Exercise requirements -> Search the records for the word "Premium" and pick out every line that has it.

(Source data)
+---+

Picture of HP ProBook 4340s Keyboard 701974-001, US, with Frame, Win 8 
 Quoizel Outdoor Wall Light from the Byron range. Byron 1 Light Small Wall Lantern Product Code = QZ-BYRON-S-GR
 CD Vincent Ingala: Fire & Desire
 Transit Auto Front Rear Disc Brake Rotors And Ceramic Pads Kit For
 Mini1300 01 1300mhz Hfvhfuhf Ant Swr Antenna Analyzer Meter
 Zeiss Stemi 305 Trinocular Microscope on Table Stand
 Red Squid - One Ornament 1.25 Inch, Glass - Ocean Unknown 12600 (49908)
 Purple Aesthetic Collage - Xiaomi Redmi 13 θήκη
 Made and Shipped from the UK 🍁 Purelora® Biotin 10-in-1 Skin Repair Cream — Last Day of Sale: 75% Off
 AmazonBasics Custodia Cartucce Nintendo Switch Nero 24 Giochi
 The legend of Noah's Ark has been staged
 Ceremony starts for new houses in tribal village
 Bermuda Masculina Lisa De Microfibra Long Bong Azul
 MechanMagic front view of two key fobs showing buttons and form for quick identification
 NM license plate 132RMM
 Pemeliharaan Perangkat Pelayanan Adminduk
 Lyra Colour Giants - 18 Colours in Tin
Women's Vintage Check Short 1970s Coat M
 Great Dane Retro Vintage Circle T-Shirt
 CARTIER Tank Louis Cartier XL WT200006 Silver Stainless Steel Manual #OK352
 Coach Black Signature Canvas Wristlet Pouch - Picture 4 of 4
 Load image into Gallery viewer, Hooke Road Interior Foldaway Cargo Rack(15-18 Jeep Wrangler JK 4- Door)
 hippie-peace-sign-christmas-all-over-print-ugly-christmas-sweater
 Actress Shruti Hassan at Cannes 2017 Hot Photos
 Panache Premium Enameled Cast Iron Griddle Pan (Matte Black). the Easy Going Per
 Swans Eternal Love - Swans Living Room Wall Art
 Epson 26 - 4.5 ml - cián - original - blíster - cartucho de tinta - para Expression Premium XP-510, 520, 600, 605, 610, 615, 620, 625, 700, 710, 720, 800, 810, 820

+---+

Written answer ->
 Panache Premium Enameled Cast Iron Griddle Pan (Matte Black). the Easy Going Per
 Epson 26 - 4.5 ml - cián - original - blíster - cartucho de tinta - para Expression Premium XP-510, 520, 600, 605, 610, 615, 620, 625, 700, 710, 720, 800, 810, 820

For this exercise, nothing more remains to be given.